Disasters. 2012 Jan;36(1):161-73. doi: 10.1111/j.1467-7717.2011.01246.x. Epub 2011 May 31.
Gokwe South, a rural district in Midlands Province, Zimbabwe, reported the lowest rate of immunisation coverage in the country in 2005: 55 per cent of children vaccinated with three doses of diphtheria/pertussis/tetanus vaccine (DPT3) and 35 per cent dropout between the first and third dose of DPT. In January 2007, the authors assessed local barriers to immunisation and proposed strategies to improve immunisation rates in the district, in the face of nationwide economic and political challenges. A situational analysis was performed to assess barriers to immunisation using focus-group discussions with health workers, key informant interviews with health management and community leaders, and desk reviews of records. Responses were categorised and solutions proposed. Health workers and key informants reported that immunisation service delivery was hampered by insufficient availability of gas for cold-chain equipment, limited transport and fuel to conduct basic activities, and inadequate staff and supervision. Improving coverage will require prioritising gas for vaccine cold-chain equipment, identifying reliable transportation or alternative transportation solutions, and increased staff, training and supervision. Local assessment is critical to pinpointing site-specific barriers, and innovative strategies are needed to overcome existing contextual challenges.

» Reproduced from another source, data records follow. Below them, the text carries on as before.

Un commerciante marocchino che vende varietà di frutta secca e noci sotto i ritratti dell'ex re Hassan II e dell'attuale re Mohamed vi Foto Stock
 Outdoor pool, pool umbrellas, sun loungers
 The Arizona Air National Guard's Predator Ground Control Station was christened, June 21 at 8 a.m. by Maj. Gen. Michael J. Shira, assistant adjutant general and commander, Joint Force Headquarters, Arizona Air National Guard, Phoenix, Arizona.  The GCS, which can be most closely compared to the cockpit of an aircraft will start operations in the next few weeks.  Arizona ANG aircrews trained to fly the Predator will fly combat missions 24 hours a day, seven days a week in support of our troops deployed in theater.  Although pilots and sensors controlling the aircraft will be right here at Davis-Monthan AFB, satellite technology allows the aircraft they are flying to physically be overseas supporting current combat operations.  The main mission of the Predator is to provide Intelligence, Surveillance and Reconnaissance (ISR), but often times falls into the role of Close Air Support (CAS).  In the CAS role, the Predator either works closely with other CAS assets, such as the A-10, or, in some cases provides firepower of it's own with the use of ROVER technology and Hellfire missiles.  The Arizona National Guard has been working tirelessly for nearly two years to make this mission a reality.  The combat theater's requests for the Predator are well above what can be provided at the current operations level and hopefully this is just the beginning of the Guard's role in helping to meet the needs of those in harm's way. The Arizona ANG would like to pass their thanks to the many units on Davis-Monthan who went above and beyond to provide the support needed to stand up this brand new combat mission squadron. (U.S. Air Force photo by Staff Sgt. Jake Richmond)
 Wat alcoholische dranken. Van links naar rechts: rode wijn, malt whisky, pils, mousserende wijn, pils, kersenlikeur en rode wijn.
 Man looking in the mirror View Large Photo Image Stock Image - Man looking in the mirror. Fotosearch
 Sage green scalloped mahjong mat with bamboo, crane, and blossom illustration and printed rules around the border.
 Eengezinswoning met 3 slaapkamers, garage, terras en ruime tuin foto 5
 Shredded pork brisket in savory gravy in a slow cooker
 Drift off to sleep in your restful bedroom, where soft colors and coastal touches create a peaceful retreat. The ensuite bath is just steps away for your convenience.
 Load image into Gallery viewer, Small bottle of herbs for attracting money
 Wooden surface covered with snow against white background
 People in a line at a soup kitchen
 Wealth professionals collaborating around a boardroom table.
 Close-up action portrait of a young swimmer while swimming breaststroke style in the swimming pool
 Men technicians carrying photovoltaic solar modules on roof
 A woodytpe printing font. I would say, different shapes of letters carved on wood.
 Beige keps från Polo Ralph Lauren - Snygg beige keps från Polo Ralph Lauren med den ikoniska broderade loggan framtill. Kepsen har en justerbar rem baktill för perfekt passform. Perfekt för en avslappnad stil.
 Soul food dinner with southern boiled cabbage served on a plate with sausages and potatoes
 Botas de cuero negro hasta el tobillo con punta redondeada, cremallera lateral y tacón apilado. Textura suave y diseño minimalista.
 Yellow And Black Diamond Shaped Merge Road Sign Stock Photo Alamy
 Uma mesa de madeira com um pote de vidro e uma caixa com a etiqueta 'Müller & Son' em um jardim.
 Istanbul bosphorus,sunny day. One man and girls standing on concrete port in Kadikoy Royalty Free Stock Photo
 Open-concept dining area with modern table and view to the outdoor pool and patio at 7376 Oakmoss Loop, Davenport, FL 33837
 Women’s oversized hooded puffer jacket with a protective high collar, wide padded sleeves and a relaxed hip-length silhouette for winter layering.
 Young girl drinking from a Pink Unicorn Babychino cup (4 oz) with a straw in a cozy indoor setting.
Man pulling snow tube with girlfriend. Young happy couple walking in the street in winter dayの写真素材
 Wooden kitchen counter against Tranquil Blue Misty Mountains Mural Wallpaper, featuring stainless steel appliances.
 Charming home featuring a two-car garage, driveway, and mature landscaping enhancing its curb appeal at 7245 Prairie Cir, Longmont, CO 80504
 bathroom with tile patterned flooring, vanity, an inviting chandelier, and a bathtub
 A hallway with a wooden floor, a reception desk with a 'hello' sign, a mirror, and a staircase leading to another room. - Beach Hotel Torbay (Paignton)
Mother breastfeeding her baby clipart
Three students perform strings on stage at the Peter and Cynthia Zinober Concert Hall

津巴布韦中部省的戈奎南地区在 2005 年报告了全国最低的免疫接种率:只有 55%的儿童接种了三剂白喉/百日咳/破伤风疫苗(DPT3),并且在第一和第三剂 DPT 之间有 35%的儿童流失。2007 年 1 月,作者评估了该地区免疫接种面临的当地障碍,并提出了在全国经济和政治挑战面前提高免疫接种率的策略。使用与卫生工作者的焦点小组讨论、与卫生管理和社区领导的关键信息访谈以及对记录的桌面审查,进行了情况分析以评估免疫接种障碍。对回应进行了分类并提出了解决方案。卫生工作者和关键信息提供者报告说,由于冷链设备的气体供应不足、进行基本活动的运输和燃料有限以及工作人员和监督不足,免疫服务的提供受到了阻碍。提高覆盖率需要优先考虑用于疫苗冷链设备的气体,确定可靠的运输或替代运输解决方案,并增加工作人员、培训和监督。当地评估对于确定特定地点的障碍至关重要,需要创新策略来克服现有的背景挑战。